I tried the following:

SELECT *
FROM populations
WHERE year = 2015
GROUP BY A, B, C, year
HAVING life_expectancy > AVG(life_expectancy)*1.15; 

However, this returns an empty table. I realise it's not a reproducible example, but perhaps a general explanation as to why it might not be working would suffice :)

Anonymous
  • 502
  • 4
  • 23
  • 1
    Stick to your sub-query, there's nothing wrong with it. – jarlh Apr 11 '18 at 07:43
  • @Anonymous There is another issue with that query: `SELECT * ... GROUP BY A,B,C, year`. Unless all other columns are functionally dependent on A,B,C, year and I guess they are not then the query will work only on MySQL with ONLY_FULL_GROUP_BY disabled. [More](https://stackoverflow.com/questions/33629168/group-by-clause-in-mysql-and-postgresql-why-the-error-in-postgresql/33629201#33629201) – Lukasz Szozda Dec 29 '19 at 05:33

4 Answers4

3

HAVING works on the results, subquery is a separate query. In your example the average you calculate is for the whole table. In the HAVING clause it affects the set of data that forms the result row. So in this case it basically means you want a value to be larger than itself multiplied by 1.15 which of course doesn’t work.
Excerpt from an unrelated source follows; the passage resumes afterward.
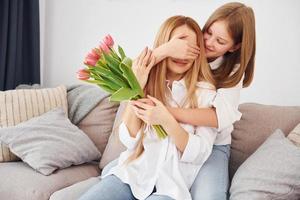 Embracing and giving flowers. Young mother with her daughter is at home at daytime photo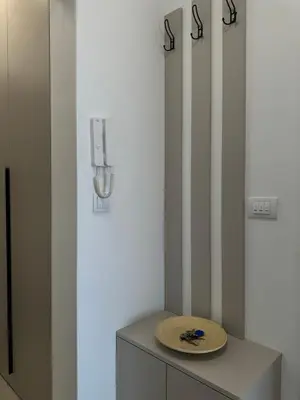 a wooden plate sitting on top of a cabinet at Dorcol Dream Apartment City View Terrace in Belgrade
HAVING is usable when you aggregate data, for example:

SELECT country, sum(population) FROM cities
GROUP BY country
HAVING sum(population) > 100000

This groups all cities by country, then returns only the rows where sum of city populations is larger than the value.

Therefore subqueries and HAVING have a very different use cases and your query can’t be turned into HAVING since you’re not trying to compare values within groups.

Sami Kuhmonen
  • 30,146
  • 9
  • 61
  • 74
3

HAVING is generally used to limit the results of a GROUP BY clause, in the same way that a WHERE is used to limit the results of a SELECT clause.

In addition, while a WHERE clause cannot contain aggregates directly, you can either use a HAVING clause (with the aggregates), or you could use a sub-query in the WHERE clause which contains the aggregates.

Unless you are grouping your data, or otherwise aggregating it, then I cannot see why you would want to rewrite your WHERE clause as a HAVING clause.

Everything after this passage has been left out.